War of 1812
To many Americans, the War of 1812 is a forgotten war. Perhaps it is because the war is far overshadowed by the War for Independence and the perspective, from the Twenty-first Century, is that they happened almost at the same time back in the far distant shadows of history. Perhaps it is because the major anniversaries of the war coincide with the anniversaries of that terrible, defining conflict, the American Civil War. Perhaps it is because so few of our ancestors participated in the war most of us have little genetic memory of its events.
It is strange and somewhat ironic that the war should be so unmemorable for many uniquely American icons were born of the conflict: the National Anthem, originally a poem written by a lawyer witnessing the bombardment of Fort McHenry in Baltimore; the frigate USS Constitution earning her nickname "Old Ironsides" when enemy cannonballs bounced off her timbered hull; "Don't Give Up the Ship," that motto of perseverance, the final encouragement to the crew of the USS Chesapeake by the dying Captain James Lawrence; and even a popular song in the 1960's by Johnny Horton which recalled the Battle of New Orleans all memorialize the War of 1812.

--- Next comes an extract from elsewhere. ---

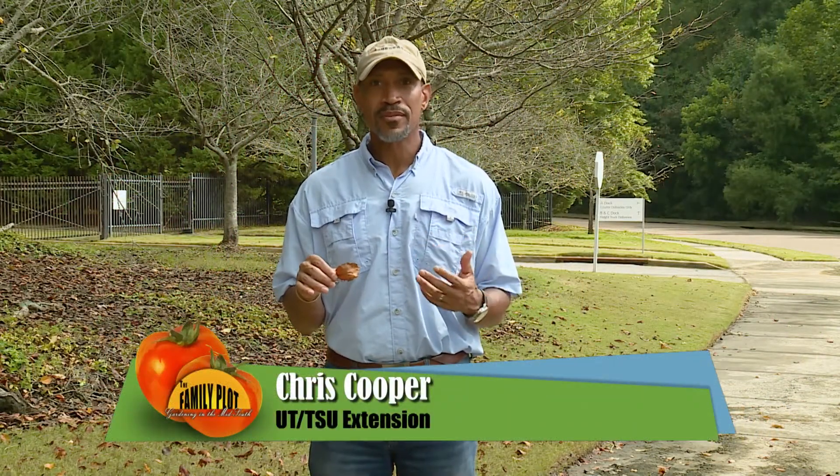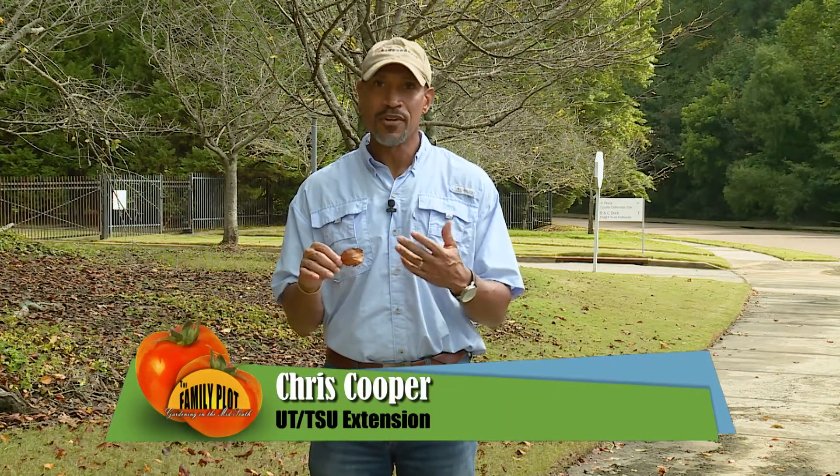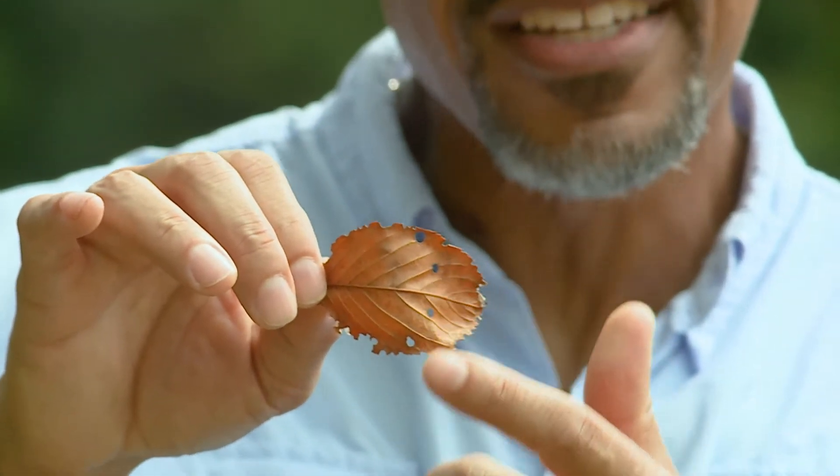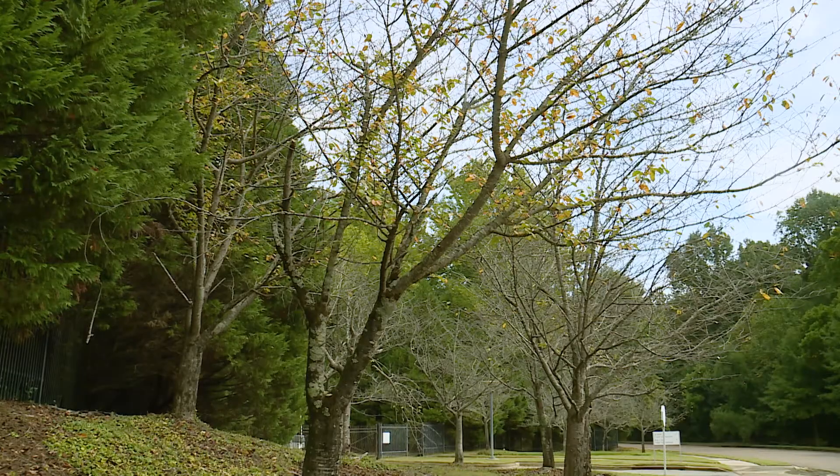Cherry trees have a lot of problems. One of those problems would be the fungal disease shot hole disease. As you can see, it looks like somebody actually shot these holes. Look at the little holes in the leaves. What will happen is the tree will actually make these leaves fall — they will just drop from the trees.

Two nations, formerly related as mother country and colony, now separate, faced conflicting needs. By 1812, England and France had been engaged in a death struggle for nearly twenty years. While Napoleon controlled most of Europe, England's Royal Navy dominated the waters around the continent. War in Europe meant economic opportunities for American merchants who hoped to sell their products in both camps. But, England did not want their former colonies selling vital war materials – wheat, fish, naval stores, or anything else – to the French, and the French did not want the newly independent country selling those same goods to England. American merchants were caught in the middle as the two foes alternately imposed then relaxed restrictions on neutral trade. After the Battle of Trafalgar in 1805, the Royal Navy, unrestrained by the counterbalance of French or Spanish fleets, increased the stopping and searching of American vessels for contraband. And, protected by the guns of their warships, British boarding parties frequently removed, or impressed, sailors they believed were deserters or British citizens. Many Americans, some estimates as high as 8000, unwillingly served in the ships of the Royal Navy, American protests notwithstanding.